All’inizio del nuovo conflitto tra Israele e Gaza, le leadership dell’Unione europea e dei suoi stati membri avevano di fronte a loro due opzioni molto chiare: ribadire l’importanza del diritto internazionale umanitario pretendendone il rispetto da tutte le parti in conflitto, oppure indebolirlo applicando doppi standard.

Finora è stata scelta la seconda opzione: sostegno incondizionato a Israelesolidarietà selettiva nei confronti delle vittime. Alla popolazione civile di Gaza tuttalpiù maggiori aiuti, come se si trattasse solo di una crisi umanitaria (innegabile e di dimensione spaventosa) e non anche di una crisi dei diritti umani (per lo più negata e invece di dimensione altrettanto spaventosa).

Giovedì scorso il Parlamento europeo ha approvato una risoluzione che, al posto del cessate-il-fuoco, chiede una “pausa umanitaria”. Nulla di più: una sorta di appello non vincolante.

Il messaggio che l’Unione europea sta inviando al mondo è il seguente: le vite di alcuni valgono più delle vite di altrii crimini di diritto internazionale si condannano o si condonano a seconda di chi li compie.

 

C’è poi un altro aspetto preoccupante: in alcuni stati membri sono entrate in vigore limitazioni al diritto di protesta pacifica nei confronti delle manifestazioni in favore della Palestina. In Francia, il divieto è stato dichiarato totale e Amnesty International l’ha giudicato un provvedimento “grave e sproporzionato”. È dovuto intervenire il Consiglio di stato a spiegare che un divieto del genere non è applicabile e che si deve valutare caso per caso.

Silenzio, invece, sul tema della giustizia internazionale. Nel 2021 la Corte penale internazionale ha formalmente aperto un’indagine sulla situazione in Palestina, riguardante crimini di sua competenza commessi dal giugno 2014. L’ufficio del procuratore della Corte ha confermato che il mandato dell’indagine comprende crimini di diritto internazionale commessi da tutte le parti nell’attuale conflitto.

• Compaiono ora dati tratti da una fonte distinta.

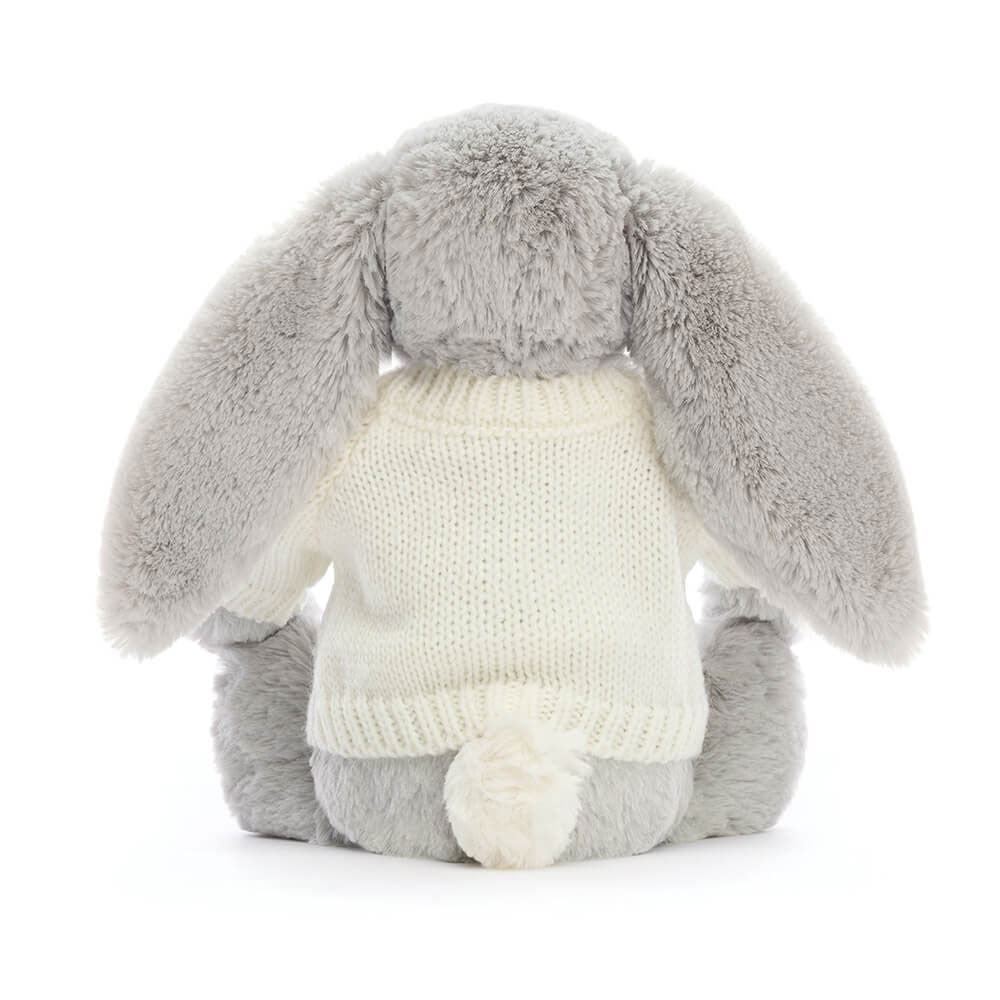 Jellycat Bashful Silver Bunny with Personalized Cream Jumper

Sarebbe importante che gli stati membri dell’Unione europea chiedessero al governo israeliano di cooperare con la Corte e di facilitarne il lavoro, anche consentendo ai suoi funzionari l’ingresso nei Territori palestinesi occupati e in Israele per condurre indagini sul posto sui crimini commessi da tutte le parti in conflitto. Altrettanto importante sarebbe che gli stati membri garantissero alla Corte adeguati finanziamenti per condurre pienamente le proprie indagini.

In definitiva, le azioni che l’Unione europea e i suoi stati membri stanno intraprendendo in queste settimane avranno conseguenze significative per la vita di milioni di palestinesi e israeliani e saranno cruciali per capire se all’Unione europea e ai suoi leader spetterà mai un ruolo di attore imparziale, impegnato nella tutela dei diritti umani.